Приняв решение, я начал действовать. Я поехал в Тальное и продал мой там дом. Возвратившись домой, я отдал жене половину вырученных денег и с остатком денег поспешил покинуть местечко. Попрощавшись с нашими близкими, Миша и я двинулись на наш железнодорожный вокзал. Мы шли, и наши сердца были полны верой и надеждой.
Представьте себе нас, прибывших в мае 1897 года в Одессу, центр культуры и просвещения, куда мы, как в Мекку, последовали за постоянным потоком молодых интеллектуалов. Культурный центр русского гетто казался мне подходящим местом, где должен был начаться (и в этом я никогда не сомневался) триумфальный марш моего одарённого сына через весь Западный мир».
Благодаря мадам Пуриц, которая превратила свой огромный дом в приют для нищих талантливых детей, учитель скрипки Александр Фидельман послушал маленького мальчика и предложил учить его бесплатно. Но Саулу этого было мало. Он хотел, чтобы Миша стал студентом Одесского Музыкального Училища при Императорском Русском Музыкальном Обществе (чувствуете разницу?). На что Фидельман ответил, что шестилетний ребёнок был чересчур мал для училища, что ему сначала нужны индивидуальные занятия.

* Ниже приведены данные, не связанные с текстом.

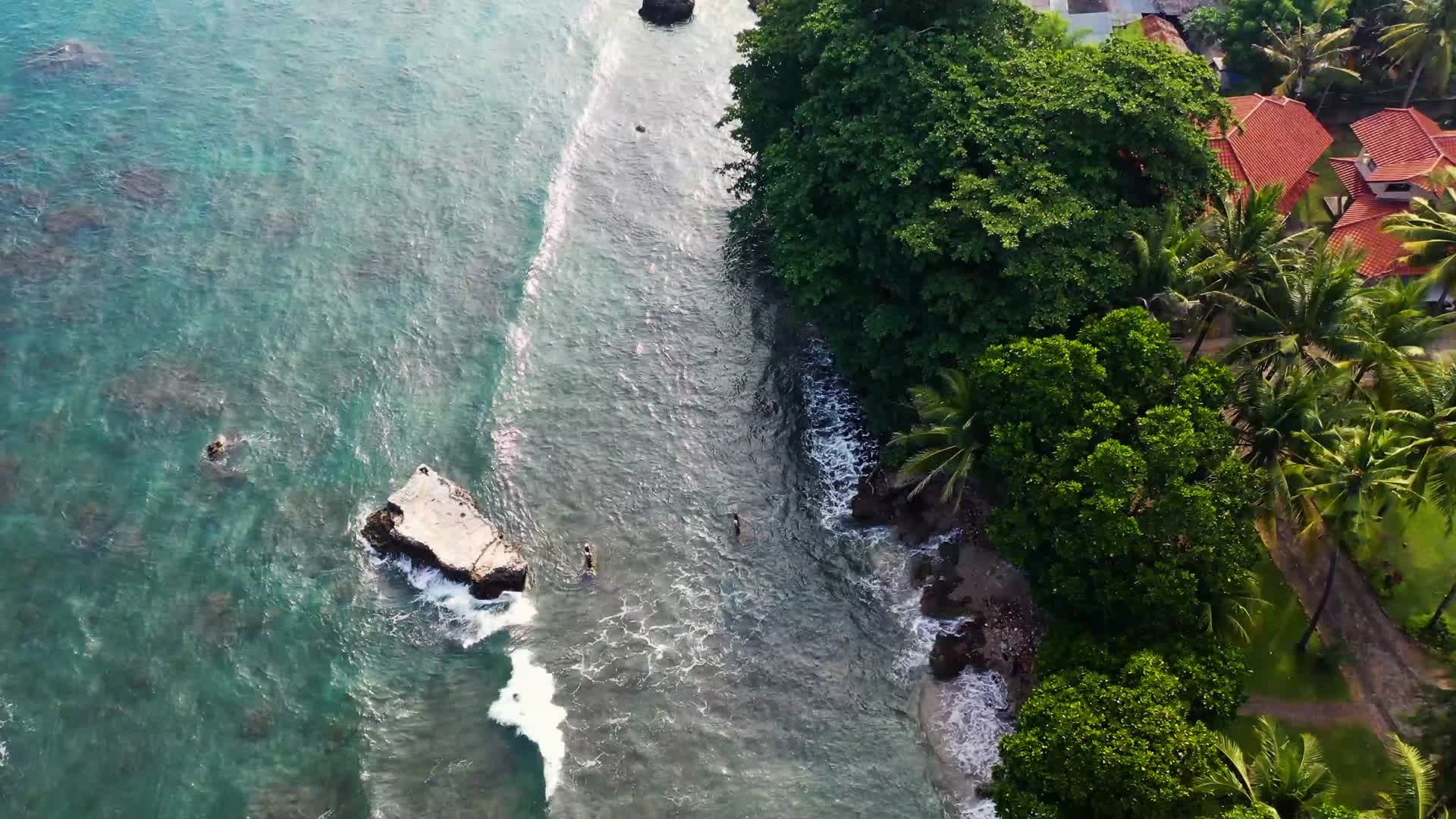 4k海岸海岛海滩海边民居航拍视频的预览图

Фидельман был учеником Леопольда Ауэра и Адольфа Бродского, двух лучших скрипичных учителей России (Ауэр был основным профессором скрипки в С. Петербургской консерватории, а Бродский занимал ту же должность в Московской консерватории). В Одессе Фидельман преподавал в Одесском музыкальном училище.
Но давайте оценим ситуацию с точки зрения Саула: «Карьера Миши была для меня вопросом жизни и смерти. Я продал свой дом, оставил жену и детей, друзей и родственников в моём родном городе. Неужели всё это должно было быть подвергнуто опасности из-за этого учителя?»
Бесплатные уроки? Миша уже имел бесплатные уроки в Шполе. Но стать студентом Одесского музыкального училища, носить их щегольскую форму - это произведёт впечатление на Шполу и Бердичев.
Ничто не могло остановить Саула. По его настоянию, Фидельман рассказал профессору Климову, директору училища, о вундеркинде, который только что прибыл в город и занимается с ним. После экзамена, Миша получил право на бесплатное образование в училище и стипендию в 8 рублей в месяц. «Тогда это была для нас большая сумма. Предложение финансовой помощи было для меня решительным доказательством того, что Миша считался особым случаем, почти беспрецедентным».